Fluids- More Pipe Losses

Question 1

Major losses

Answer 1

A pressure (or head) loss due to frictional losses at the pipe walls

Question 2

Minor losses

Answer 2

Due to an interruption of the smooth flow of fluid

Question 3

Examples of causes of minor losses

Answer 3

Valves, bends, elbows, inlets, exits, enlargements and contractions. Basically pipe components.

Question 4

What to do when finding a flow rate down a pipe

Answer 4

Can’t calculate Re so assume it is 10^5. Read off from Moody diagram in normal way to get f. Rearrange equation for pressure loss (given) to find V. Based on this V calculate the Re it suggests. If the two values of are are within 10%of each other, the assumption was right and go on to calculate volumetric flow rate. If not, second Re calculated becomes new assumption and do whole thing again.

Question 5

Why do pipe components cause minor losses?

Answer 5

They interrupt the smooth flow of fluid and cause flow separation and induce mixing

Question 6

What is the symbol for minor loss coefficient?

Answer 6

KL
Where L is subscript
It is a function of geometry

Question 7

Formula for minor loss

Answer 7

Ploss=0.5KLρV^2

Question 8

Formula for KL for sudden expansion

Answer 8

KL=(1-A1/A2)^2
Where A2>A1
The velocity used in the minor loss formula is the initial velocity, V1

Question 9

What is the angle φ for a diffuser?

Answer 9

The inclusive angle between the walls (<180)

Equal to twice the angle one wall makes with the horizontal

Question 10

What does KL depend on for a diffuser?

Answer 10

The angle,φ. The area ratio d/D where D>d.
Greater φ means more pressure loss so greater KL
Greater area ratio lower KL

Question 11

What happens during sudden contraction of a fluid?

Answer 11

The flow leaves the large pipe at an angle and doesn’t fill the small pipe completely. This narrowing of the flow path is known as the vena contracta.

Question 12

What does KL depend on for sudden contraction?

Answer 12

Area ratio d2/d1
As this ratio increases, value of KL decreases
When ratio is about 0, KL=0.5
When ratio is about 1, KL=0

Question 13

What affects KL for a bend?

Answer 13

The angle the bend goes through and the sharpness of the bend. Value for KL increases with both

Question 14

How does KL vary for valves open and partially closed?

Answer 14

Large head loss in partially closed valve due to irreversible deceleration, flow separation and mixing of high-velocity fluid coming from the narrow valve passage.

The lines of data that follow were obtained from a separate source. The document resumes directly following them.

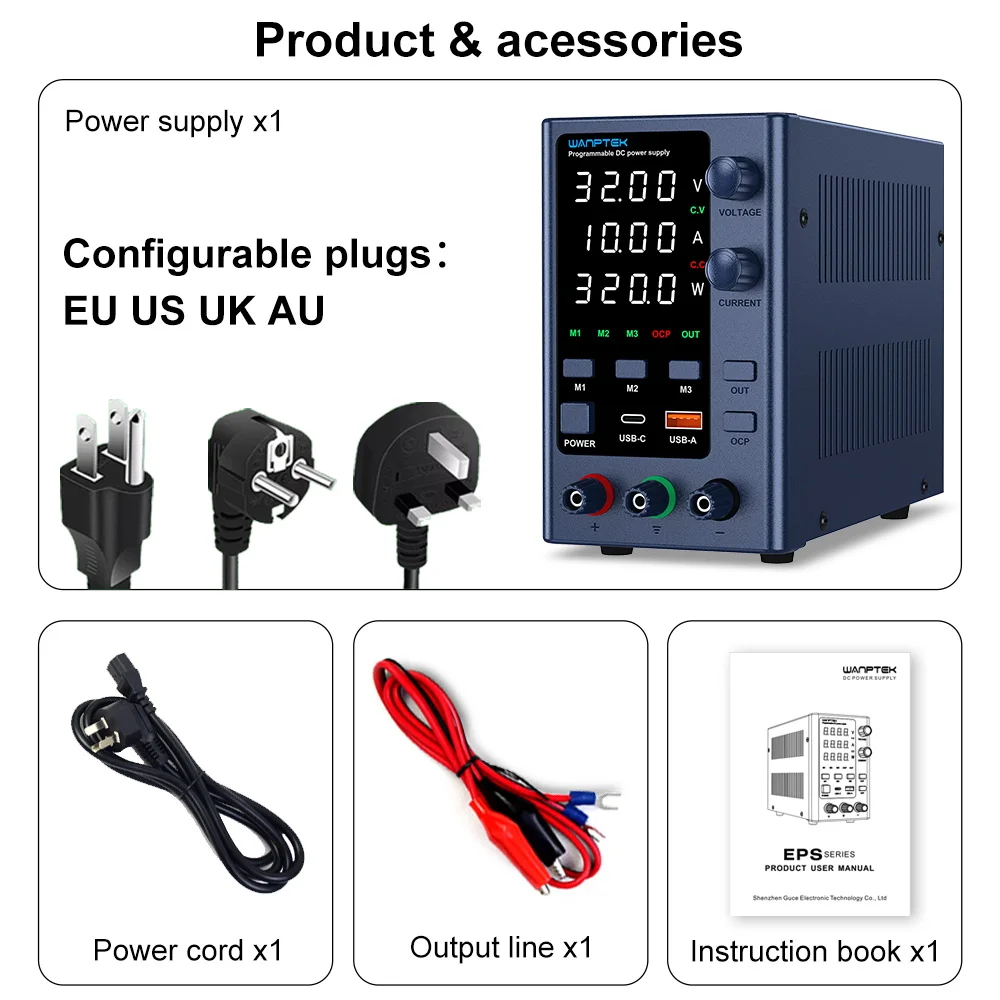 Wanptek Laboratory DC Power Supply Adjustable 32V 10A 62V 5A Encoder Adjustment Programmable Regulated Lab Bench Power Supply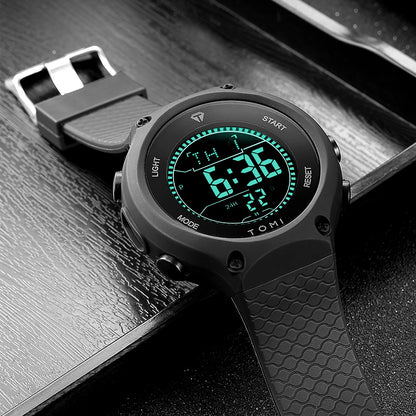 Men's Digital Sports Watch - Large Dial PU Sport Band Alarm Calendar Wristwatch - ZOOMNSTORE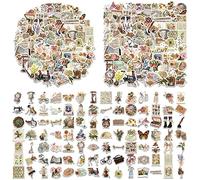 BEIIEB 100 Pcs Vintage Scrapbook Stickers, Aesthetic Art Deco Stickers, Waterproof and Sunproof Durable for Water Bottles, Diaries, Skateboards, Scrapbooks, Photo Albums, DIY Crafts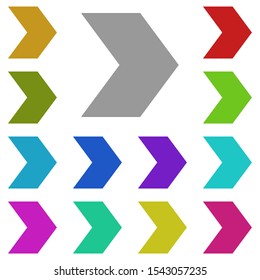 Right arrow multi color icon. Simple glyph, flat vector of arrow icons for ui and ux, website or mobile application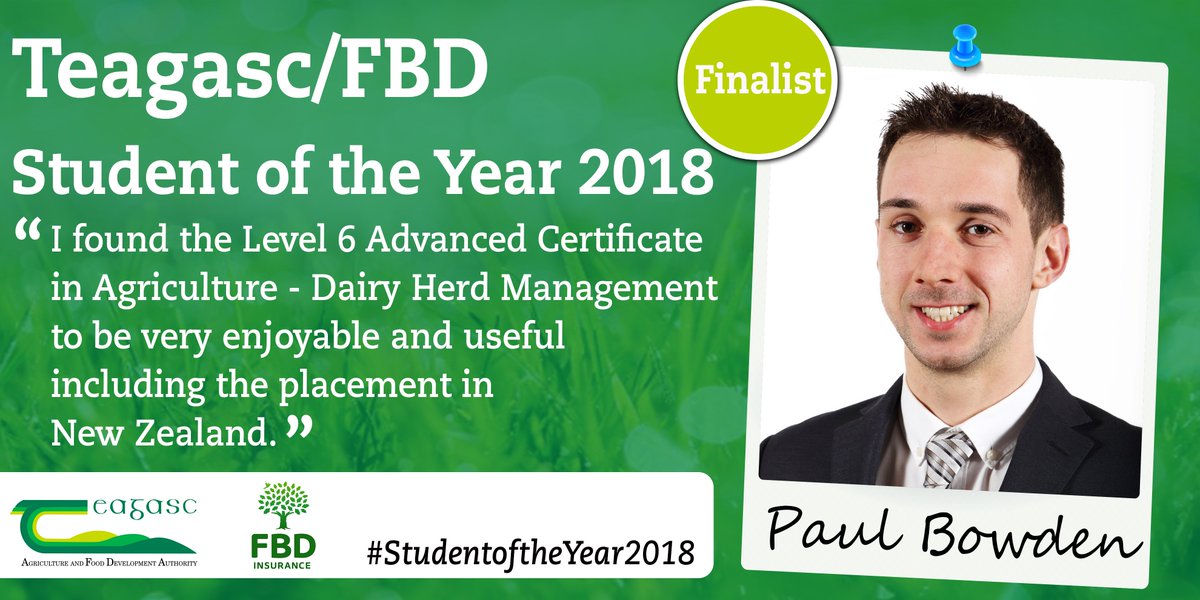 Meet Paul Bowden, finalist for the Teagasc/FBD Student of the Year 2018. Paul is in a farm partnership with his parents and also runs a woodwork workshop on a part time basis. Best of luck Wednesday Paul #StudentoftheYear2018 ow.ly/BsaV30o6TAu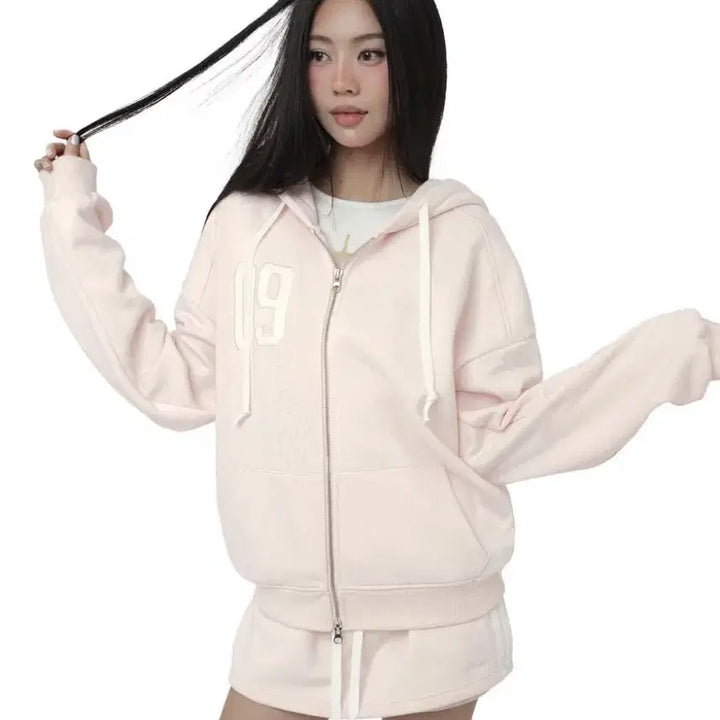 [BUNJANG] Clichier Numbering Pink Hoodie Zip-up / 클리시어 09 넘버링 핑크 후드집업 텍o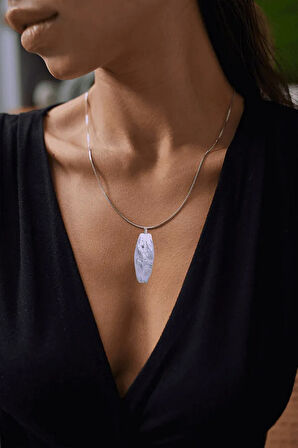 Sertifikalı Damarlı Doğal Kristal Kuvars Taşı Kolye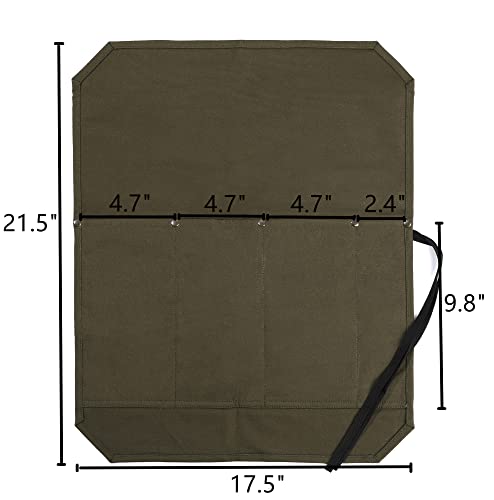 Denifiter Chef's Knife Roll Bag, Durable 16Oz Waxed Canvas Knife Case With 4 Slots Professional Chef's Knife Bag With Anti Cutting Fabric Inside #TOP1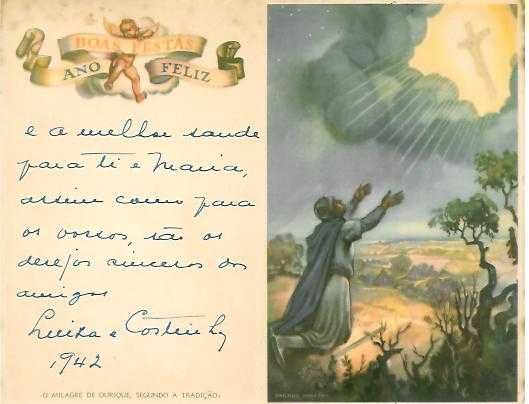 POSTAL NATAL - artista teatro - cinema COSTINHA  - filatelia - selos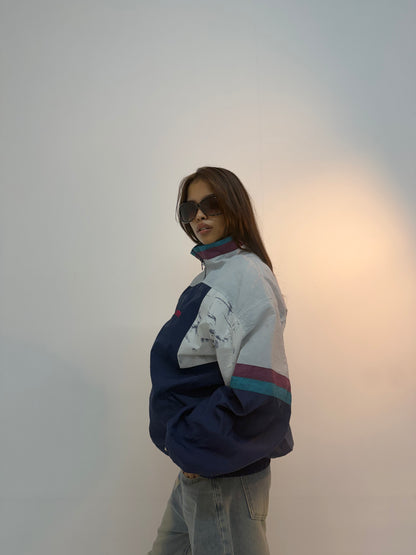 Vintage Navy & Teal Racing Stripe Unisex Windbreaker Bomber Jacket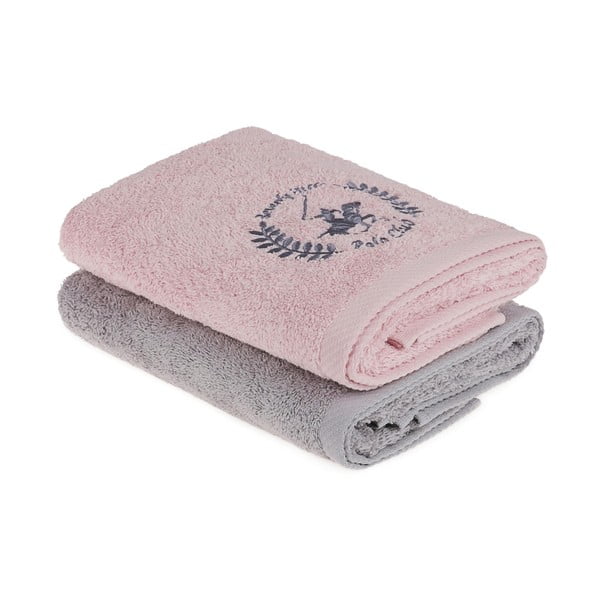 Комплект от 2 сиви и розови кърпи за ръце, 90 x 50 cm - Unknown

However the head loss through a fully open valve is quite small.

Question 15

How do KL values for different components in series combine when diameter of pipe remains constant?

Answer 15

They add up to get overall KL value

Question 16

Formula for major losses in terms of dynamic pressure

Answer 16

hloss=f(l/d)(V^2/2g)

The V^2/2g term is dynamic pressure

Question 17

Formula for total head losses when diameter is constant

Answer 17

(fL/D+ΣKL)(V^2/2g)